## EXERCISE REQUIREMENTS
Only the lines from the one with "AMI（アミ）さんのインスタグラム写真 - (AMI（アミ）Instagram)「welcome" to the end of the listing below should be set down, exactly as written and without any pictures.

## COLLECTED DATA
┄┄┄┄┄┄┄┄┄┄

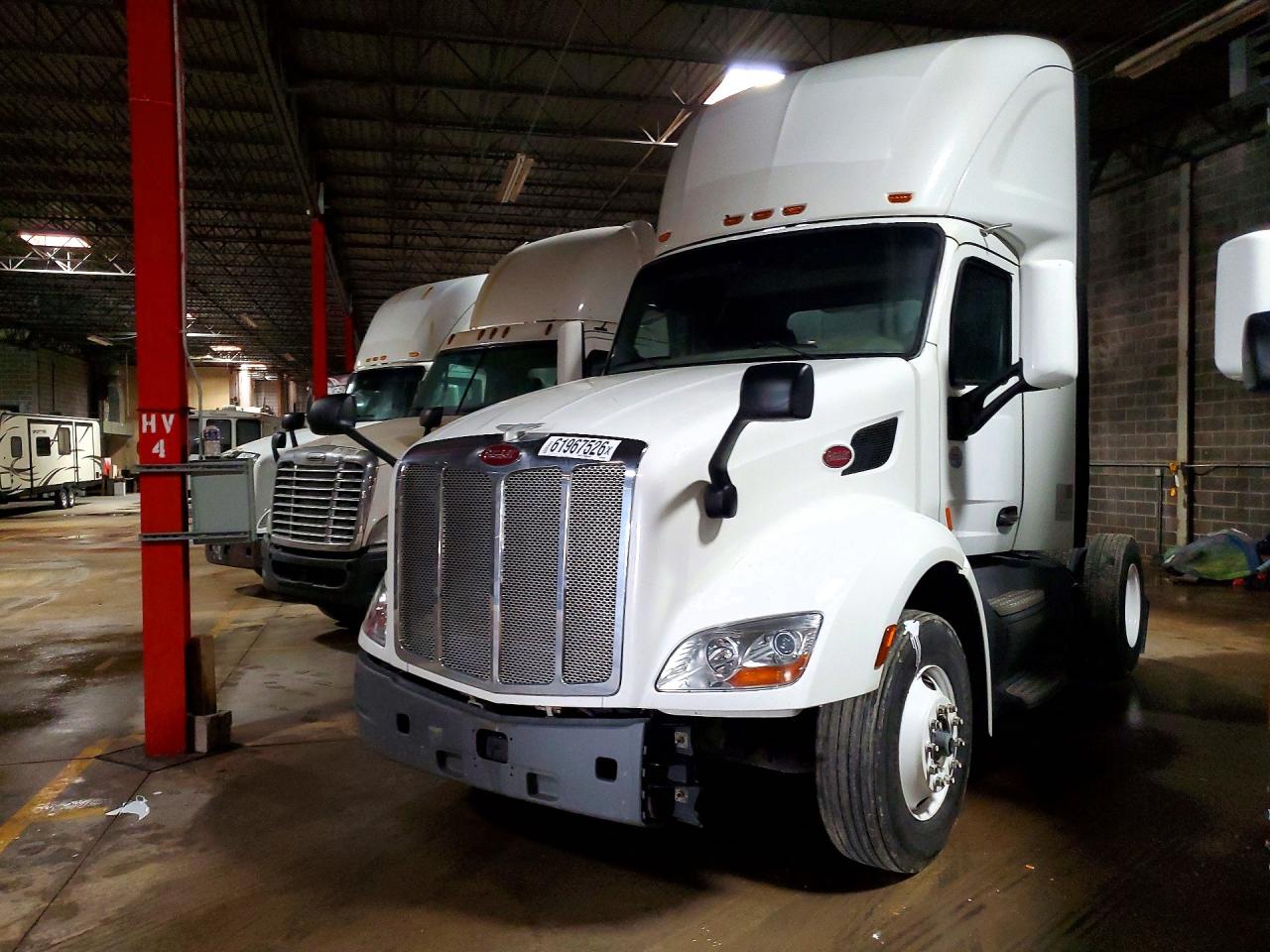 1XPBA48X7HD428519 · 2017 PETERBILT 579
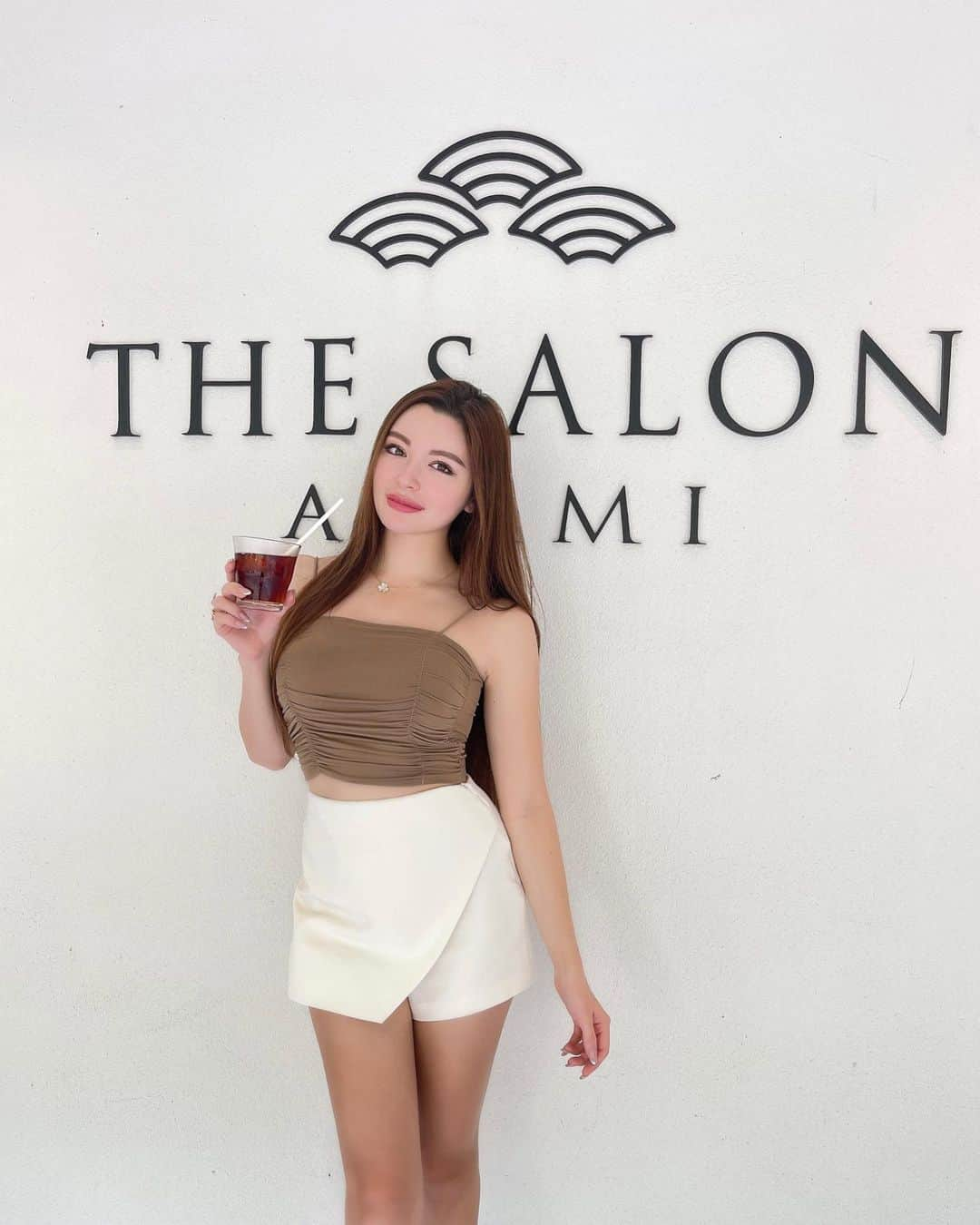 AMI（アミ）さんのインスタグラム写真 - (AMI（アミ）Instagram)「welcome to Salon Ami ❤️  Salon Ami にしちゃった🥴 ゴルフ焼けで脚だけまっくろなったた🥺  #熱海 #プール #ハーフ #熱海旅行 #thesalonatami #atami #halfjapanese #travelgram」9月15日 21時00分 - amyypatton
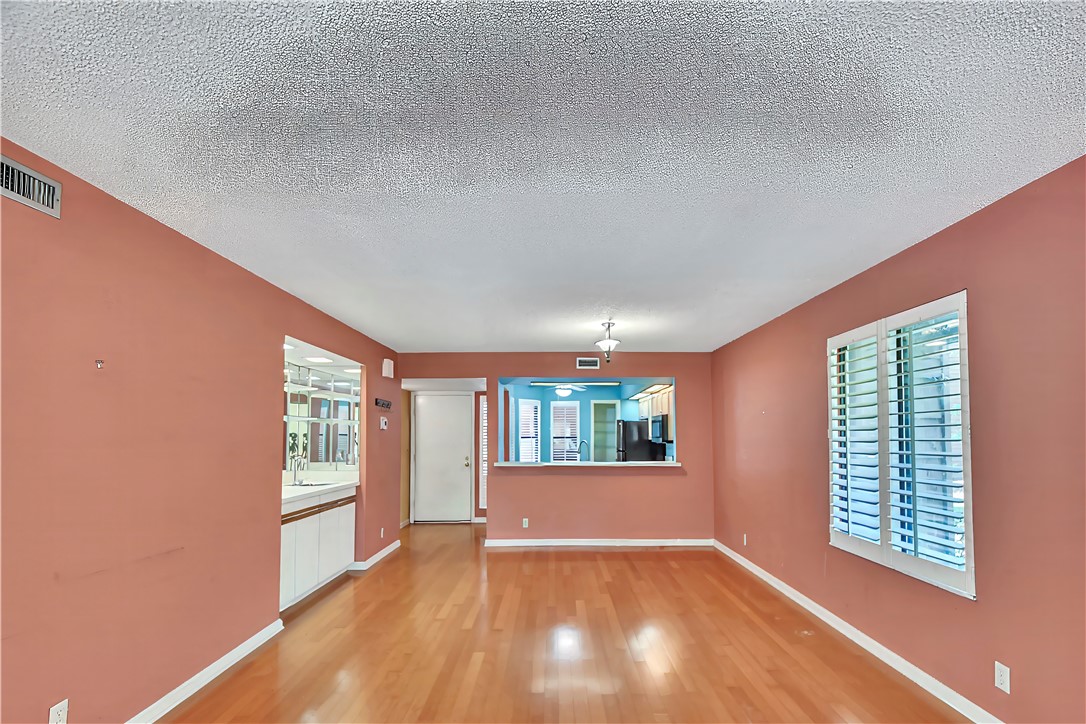 896 Wimbledon Drive Property Photo 6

┄┄┄┄┄┄┄┄┄┄

## RESPONSE TO THE TASK
 AMI（アミ）さんのインスタグラム写真 - (AMI（アミ）Instagram)「welcome to Salon Ami ❤️  Salon Ami にしちゃった🥴 ゴルフ焼けで脚だけまっくろなったた🥺  #熱海 #プール #ハーフ #熱海旅行 #thesalonatami #atami #halfjapanese #travelgram」9月15日 21時00分 - amyypatton
 896 Wimbledon Drive Property Photo 6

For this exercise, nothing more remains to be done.